* **Task goal**
Copy word for word the lines of the records below, beginning at the one with "Apartamento para alugar com 42m², 2 quartos e 1 vaga Apartamento" and finishing at the one with "image for item", ends included, but none of the pictures.

* **Recorded information**
━━━━━━━━━━━━━━━━

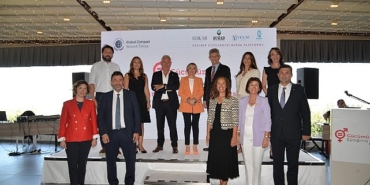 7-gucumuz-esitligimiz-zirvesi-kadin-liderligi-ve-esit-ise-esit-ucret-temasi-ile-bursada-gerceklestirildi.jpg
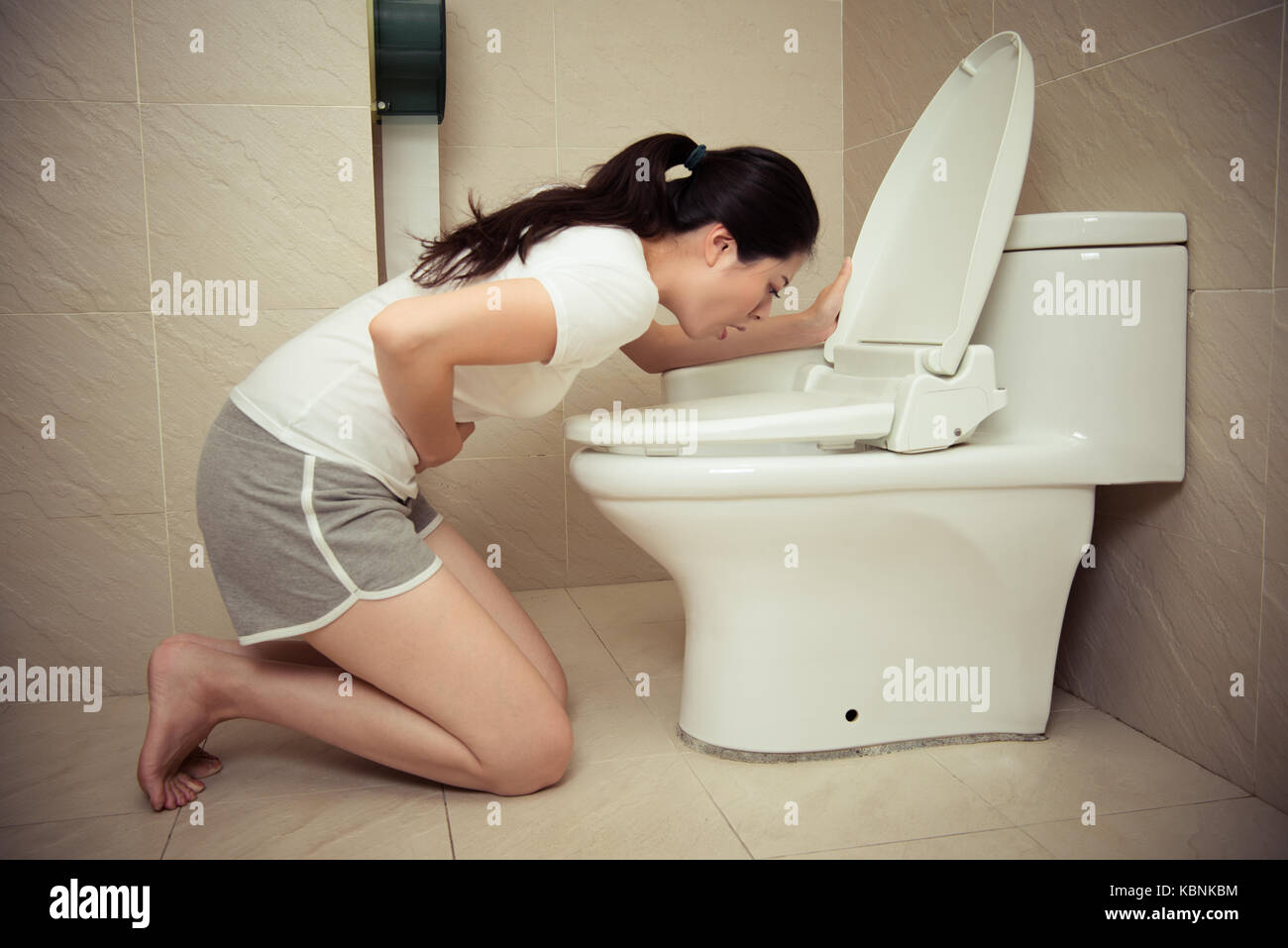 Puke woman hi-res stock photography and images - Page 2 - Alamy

━━━━━━━━━━━━━━━━

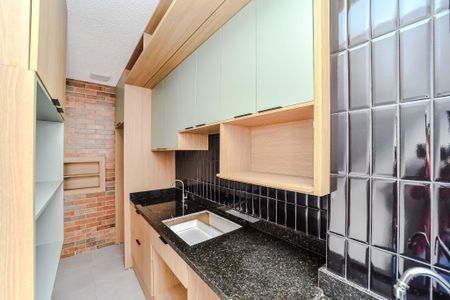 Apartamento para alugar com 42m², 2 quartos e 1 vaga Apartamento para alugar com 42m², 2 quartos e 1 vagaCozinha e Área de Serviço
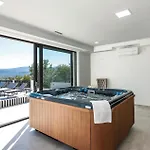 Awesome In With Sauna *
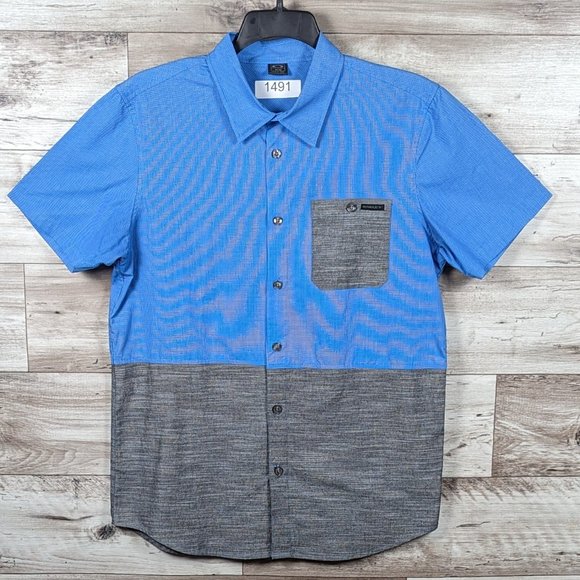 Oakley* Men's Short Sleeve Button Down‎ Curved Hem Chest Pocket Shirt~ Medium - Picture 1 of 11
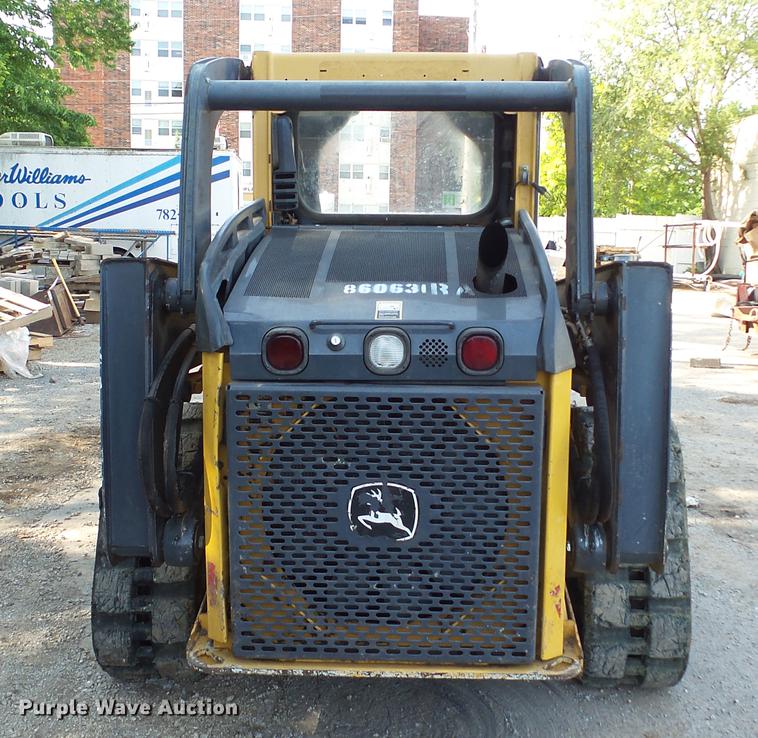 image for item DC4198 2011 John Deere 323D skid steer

━━━━━━━━━━━━━━━━

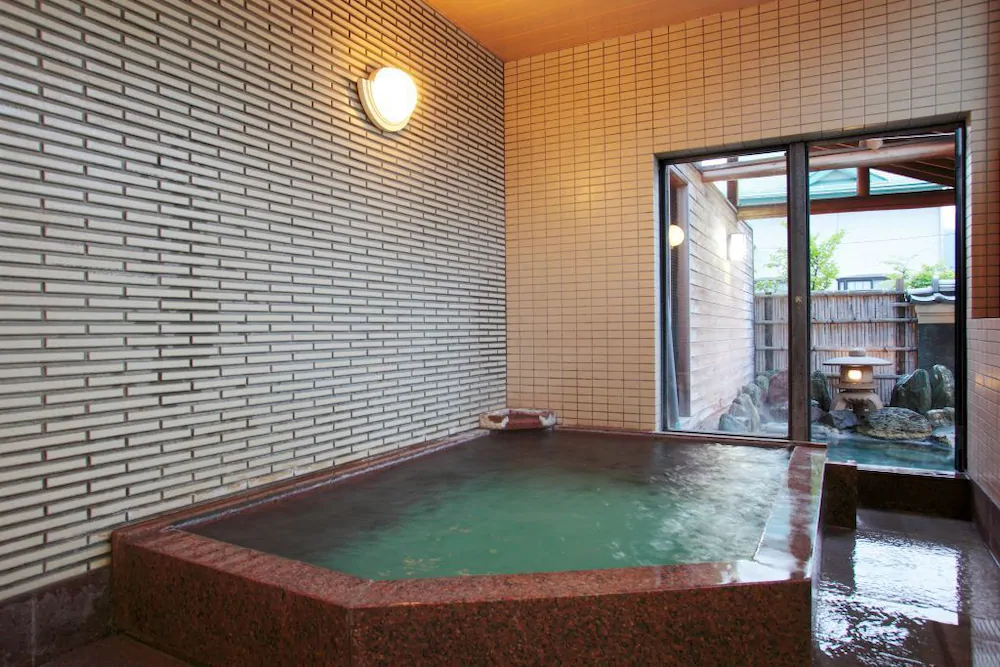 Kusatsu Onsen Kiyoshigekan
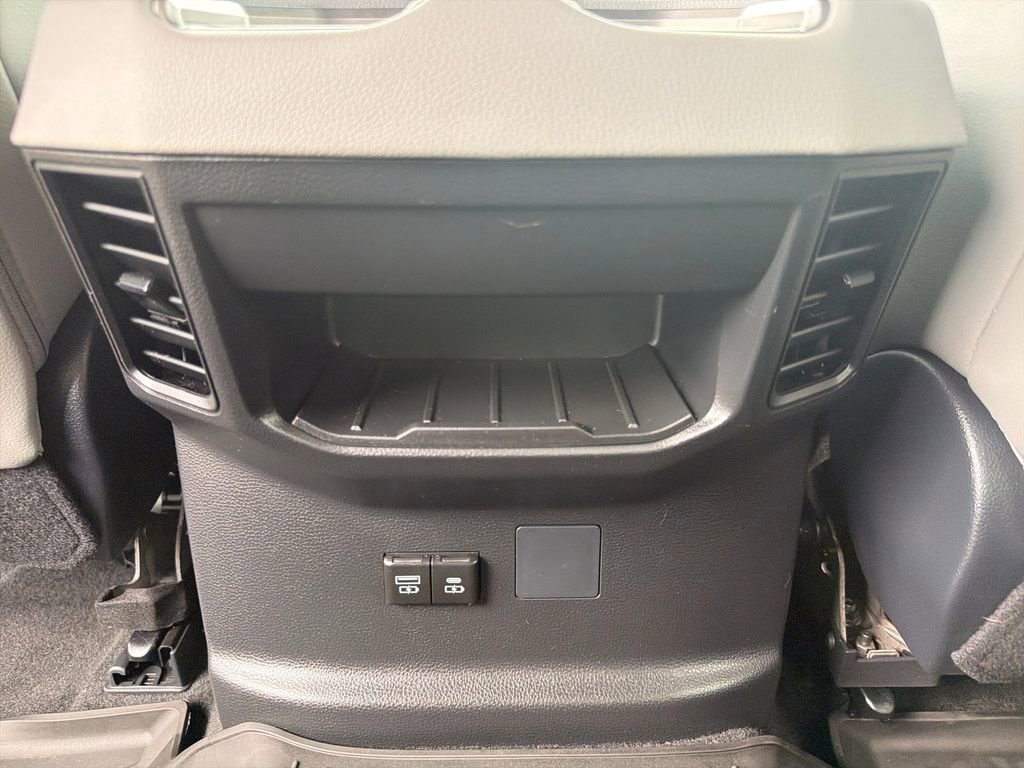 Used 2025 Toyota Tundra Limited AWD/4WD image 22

━━━━━━━━━━━━━━━━

* **Reply to the task**
 Apartamento para alugar com 42m², 2 quartos e 1 vaga Apartamento para alugar com 42m², 2 quartos e 1 vagaCozinha e Área de Serviço
 Awesome In With Sauna *
 Oakley* Men's Short Sleeve Button Down‎ Curved Hem Chest Pocket Shirt~ Medium - Picture 1 of 11
 image for item DC4198 2011 John Deere 323D skid steer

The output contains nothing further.